CERN announces discovery of Satan particle

Funny story written by Hugh Dunne

Friday, 6 July 2012

image for CERN announces discovery of Satan particle
Images of god-antigod collisions from the Large Hadron Collider.

Scientists at CERN today announced that they had discovered the Satan particle, which has the same mass and spin as the God particle, but opposite charge. When a God particle and a Satan particle collide, the two annihilate each other and energy is released.

"This is embarrassing for the Standard Model, which completely failed to predict the existence of this particle," said CERN project leader Peter Higginbottom. However, theologian Richard Swineflu was jubiliant: "This is a complete vindication of Christian eschatology. Once again we see that those scientist chappies don't have all the answers. They are only starting to catch up on the wisdom that was divinely revealed to us 2,000 years ago."
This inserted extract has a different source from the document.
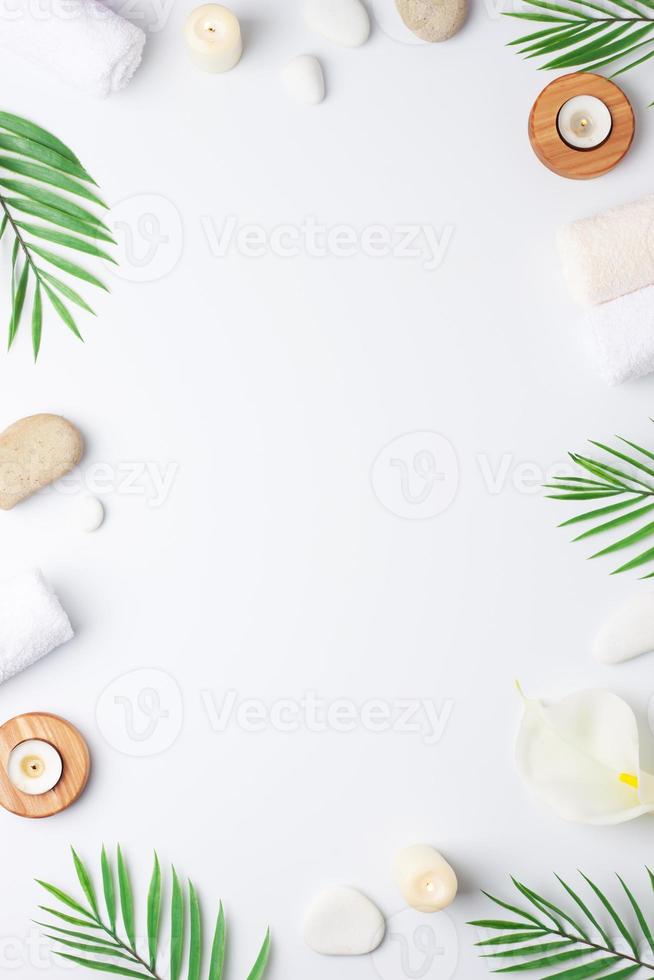 Home decoration with candles and flowers over white wall. Interior design concept. Close up, copy space photo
Some physicists are now hunting for the Mary particle. This hypothetical partical, according to certain theories, can become quantum-entangled with the God particle, leading to the emission of a Jesus particle.

Meanwhile, Indian scientists are hoping for a slew of new discoveries when their Large Deity Detector goes online next year. "We expect to discover the Shiva particle, the Ganesh particle, and hundreds of other particles," said the center's director, Dr. Guruswamy Pundit.

Many theoretical physicists believe that the universe once contained many other types of particles which have decayed and no longer exist, including the Thor particle, the Zeus particle and the Quetzlcoatl particle.

The funny story above is a satire or parody. It is entirely fictitious.